A further example that is to be described in detail in the present report is shown in the transmission image of polarized light shown in Figure 2. In this case, an aligned diamond pyramid microhardness indentation has been impressed into an (001) LiF crystal surface in such manner that the indenter diagonal directions were aligned along the cube <100> directions of the crystal. The slightly convex shape of the otherwise square projection of the residual hardness impression is seen in white outline at the center of the symmetrical image pattern of polarized light transmitted through both the indentation and much larger surrounding region of plastic deformation. As will be discussed in relation to a number of observations to be made concerning crystal hardness properties, the plastic deformation structure in this case, and in some other cases associated with consequent cleavage cracking, are intimately dependent on the edge or screw type character of the induced dislocation network remaining within the residual deformation zone [3]. A number of other materials science type examples are also to be described in the present report involving extension of crystal dislocation model considerations to selected symmetry aspects of polycrystal and polyphase material structures.

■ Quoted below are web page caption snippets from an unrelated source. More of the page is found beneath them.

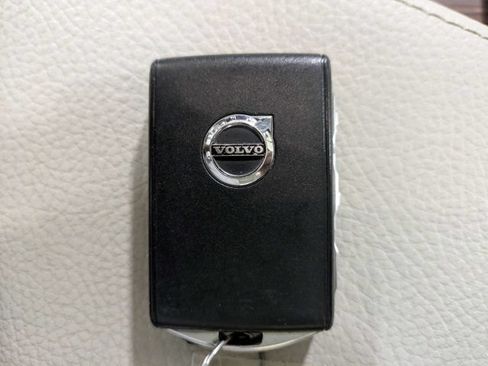 Used 2022 Volvo S60 B5 Momentum w/ Premium Package FWD image 30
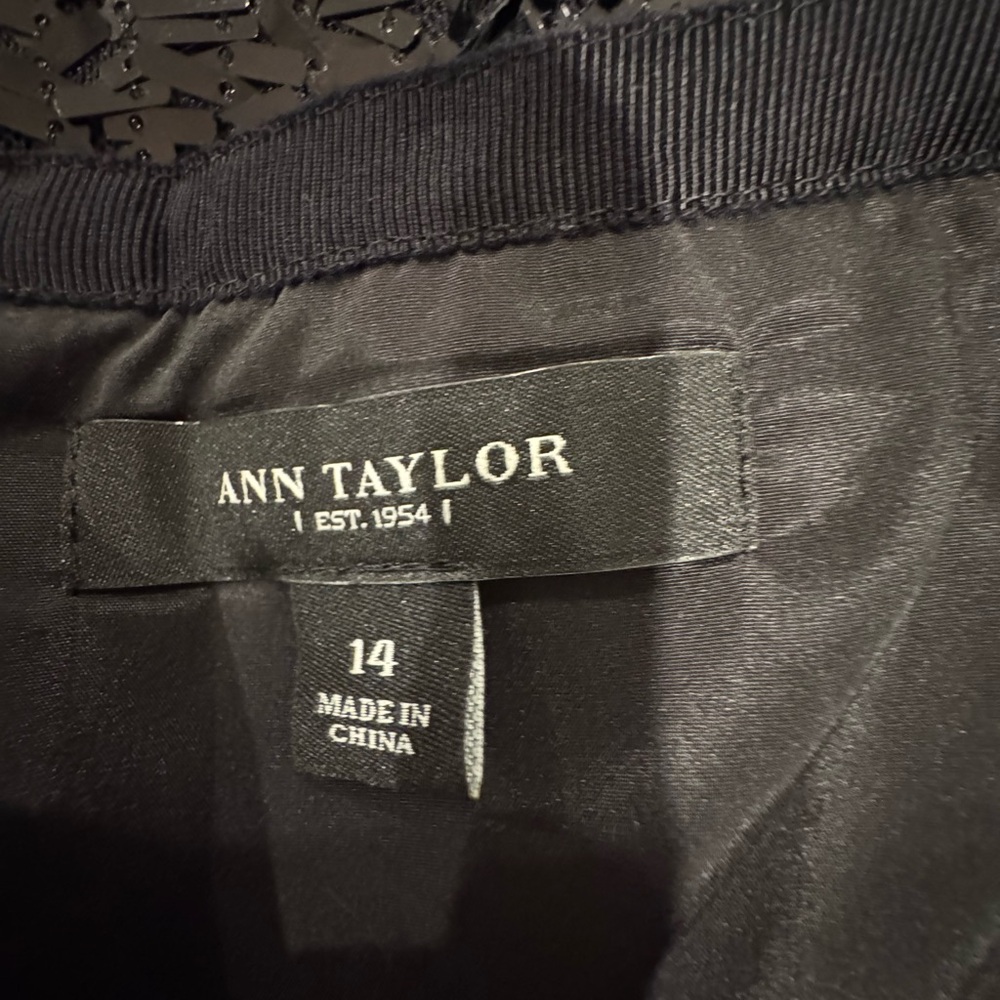 Ann Taylor Women’s  Black Sequin Above Knee Length Skirt Size 14 - Picture 6 of 6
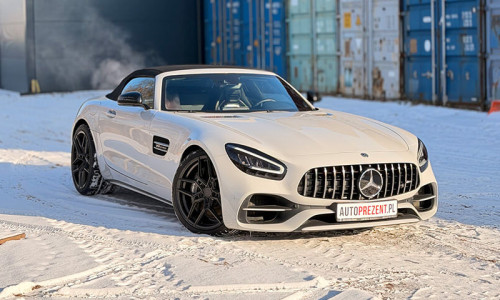 Mercedes AMG GT Roadster od autoprezent
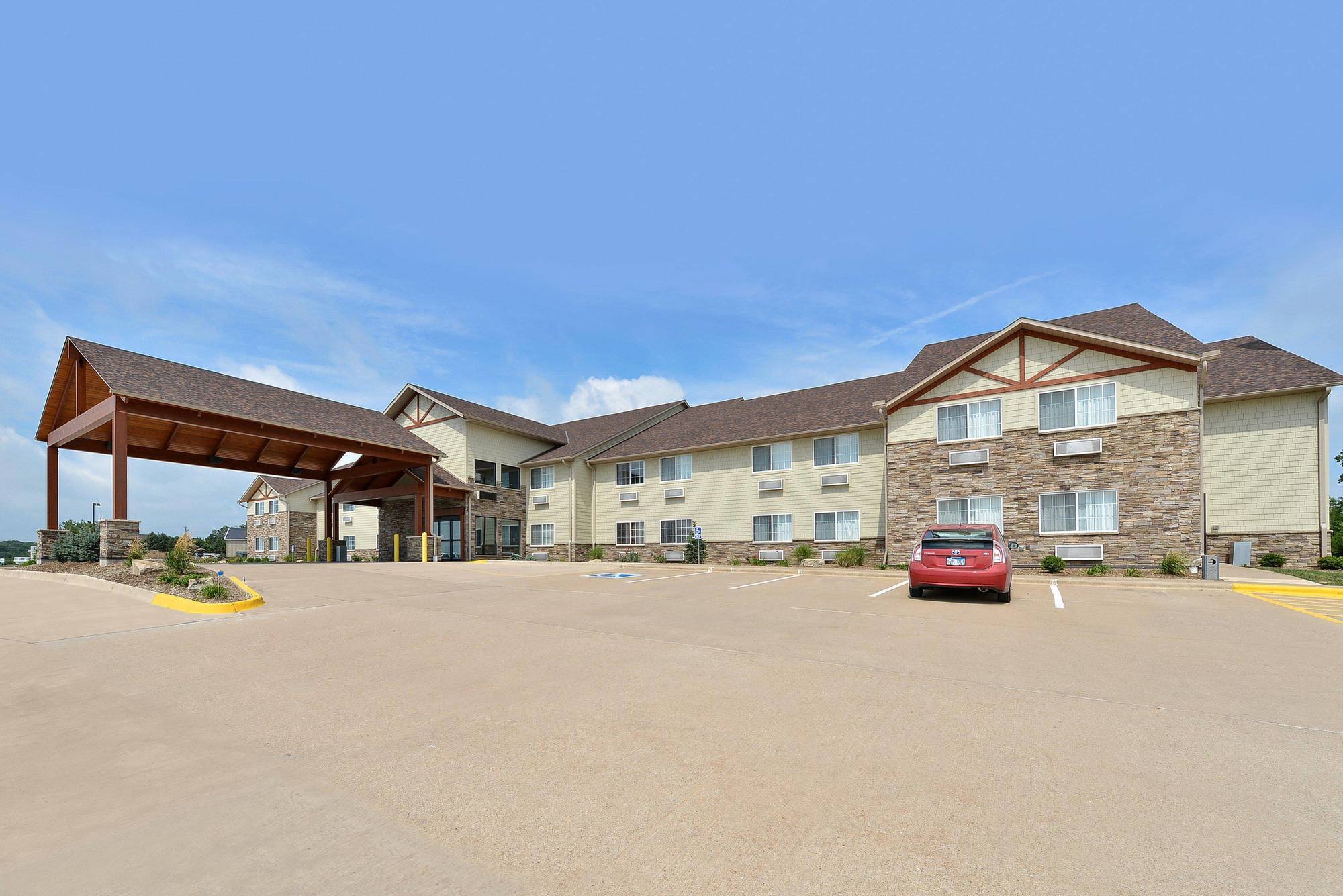 Comfort Inn & Suites Riverview Near Davenport And I-80 Le Claire Extérieur photo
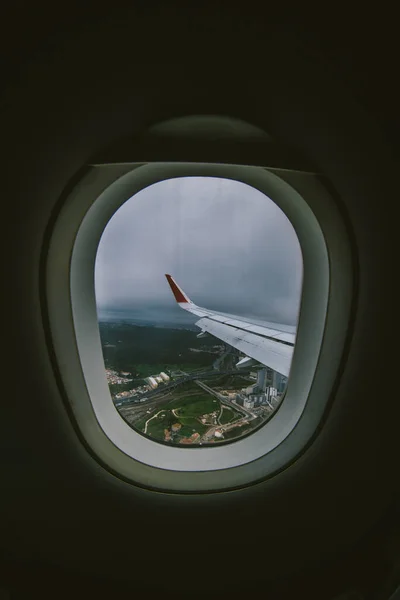 Plano Ventana Con Una Ciudad Vuelo — Foto de Stock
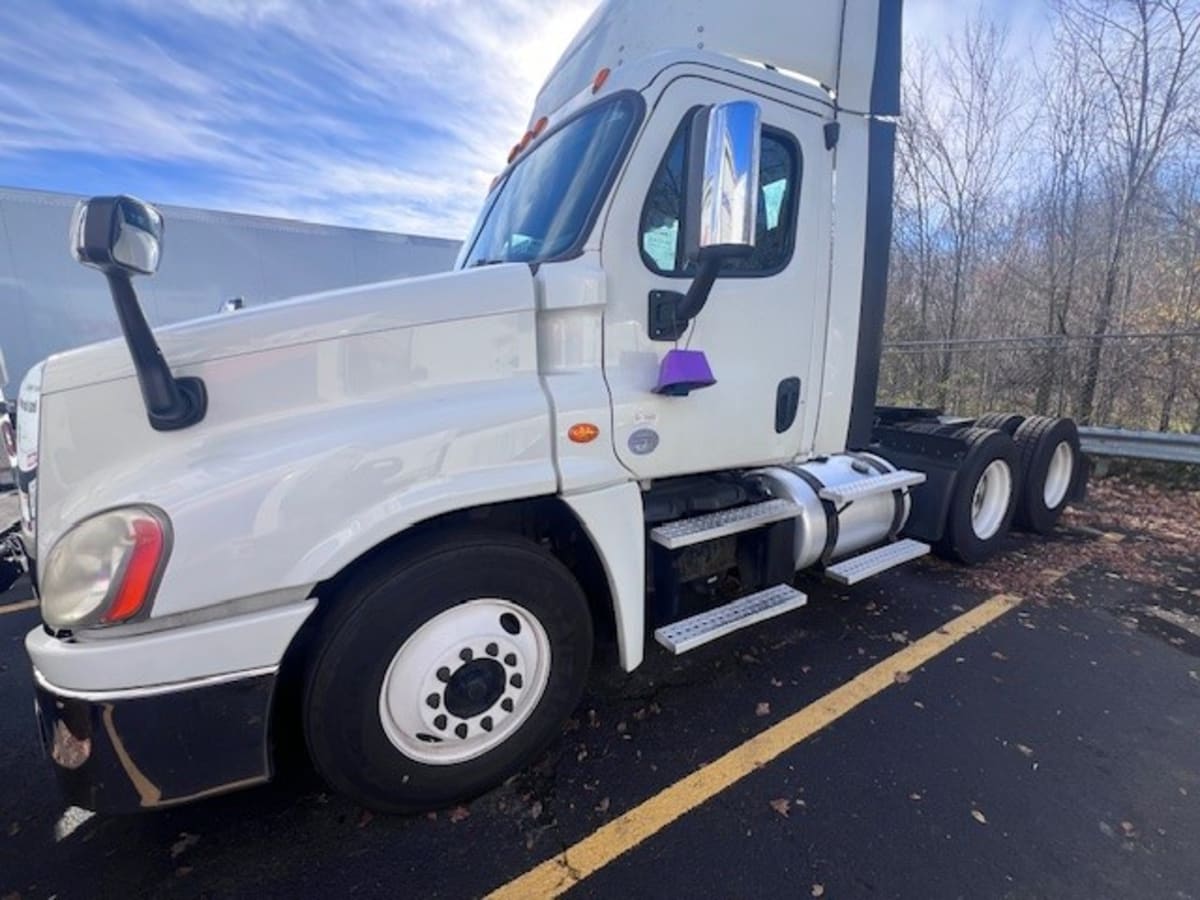 2015 Freightliner/Mercedes CASCADIA 125 351687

2. Deformation of Symmetrical Aluminum Bicrystals

The first half of the 20th century was taken up with investigation of the plastic deformation properties of single crystals, for example, as described in an early account given by Schmid and Boas for both metal and mineral crystal systems [4] and also featuring measurements of crystal anisotropic elastic constant coefficients. The latter part of the century began with reports of the strength dependence of polycrystalline steel on the inverse square root of average grain diameter [5]. An early experiment designed to assess the crystal/polycrystal connection [6] is characterized in Figure 3 [7].

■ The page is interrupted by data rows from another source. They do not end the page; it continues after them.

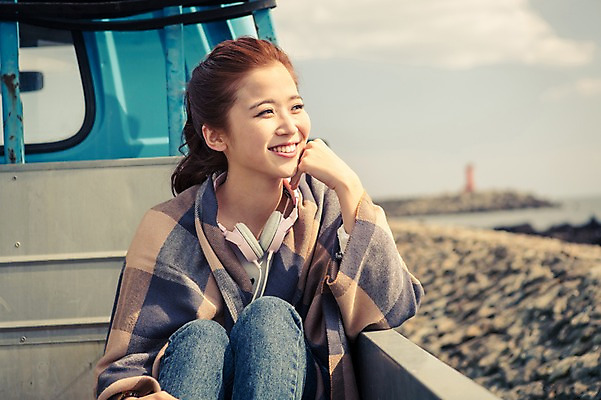포토 JPG 주간 여자 행복 여유 육상교통 교통수단 여행 자동차 하늘 한국 한명 웃음 사람 앉기 상반신 20대 성인 해변 야외 앞모습 아웃포커스 제주도 헤드폰 턱괴기 한국인 트럭 자유 즐거움 배낭여행 성인여자한명만 성인만 국내포토 자연요소 1 감정 아시아 바다 뷰포인트 음향기기 교통 컨셉 모션 촬영기법 표정 동양인 청년 여자한명만 성인여자만 파일형식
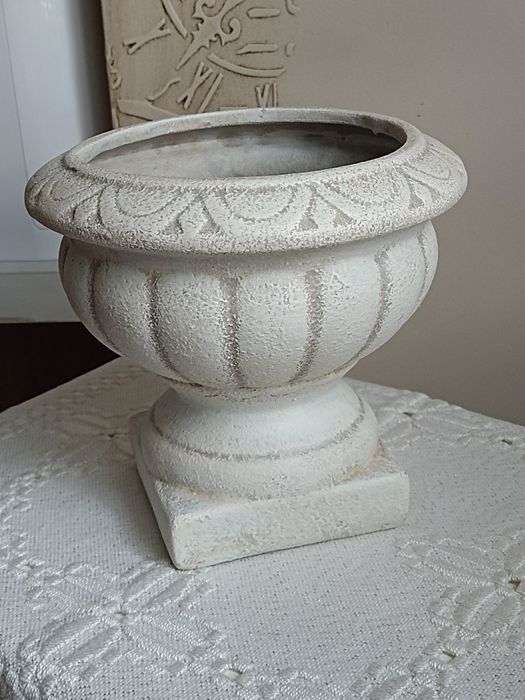 Gazon. Oslonka. Wazon ceramiczny. Prowansalski. Vintage.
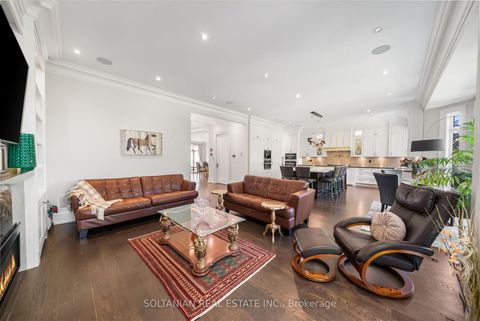 Photo 9 at 352 Patricia Avenue, Newtonbrook West, Toronto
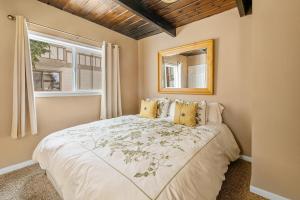 Bears Eye View - Steps to Bear Mountain Ski Resort!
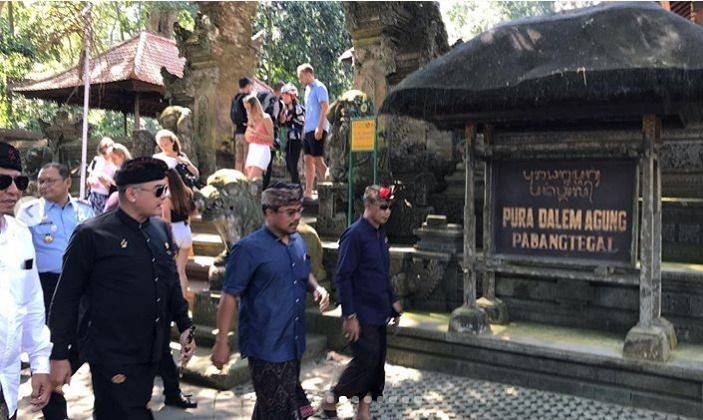 2 Turis Asing yang Lecehkan Tempat Suci di Ubud Jalani Upacara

Clark and Chalmers [6] devised the symmetrical bicrystal experiment for investigation of the simplest case of dislocation slip being hampered in penetrating a single “grain” boundary obstacle. The experiment is illustrated on the left side of Figure 3 [7]. On the right side of the figure, attention is given to the need for cross-slip to occur to relieve the local strain at the boundary. Figure 4 provides a stereographic method of analysis for tracking the cross-slip required because of the mis-match of slip penetrations coming from independently activated slip systems on either side of the boundary [7].

In Figure 4, one is looking down from the tensile axis (TA) direction onto the centered bicrystal boundary seen as the equatorial diameter of the great circle tied to the crystal orientation. An initial (bi)crystal orientation had been chosen such that the (1̅1̅1̅) slip plane normal is shown at 45° to the TA on the left equatorial position and the primary [01̅1] slip direction is on the right side of the equator, also at 45°. The various TA positions for different bicrystal boundary misorientations, whose deformation properties were investigated at rotations of ±15°, ±20° and ±30° are marked on the small circle axis positions above and below the equator. Very interestingly, double slip is predicted to occur with addition of the (1̅1̅1) slip plane and [01̅1̅] slip direction for the one crystal at the symmetrical TA position of −15° rotation and to produce consequent added strain hardening because of double slip occurring and causing subordination of the grain boundary hardening effect. A modern account of such aluminum bicrystal deformations that was forced within the confinement of a channel die has been given in terms of a finite element model and a need at larger boundary misorientations for dislocation pile-ups to produce changes in orientation accompanying the plastic deformation [8].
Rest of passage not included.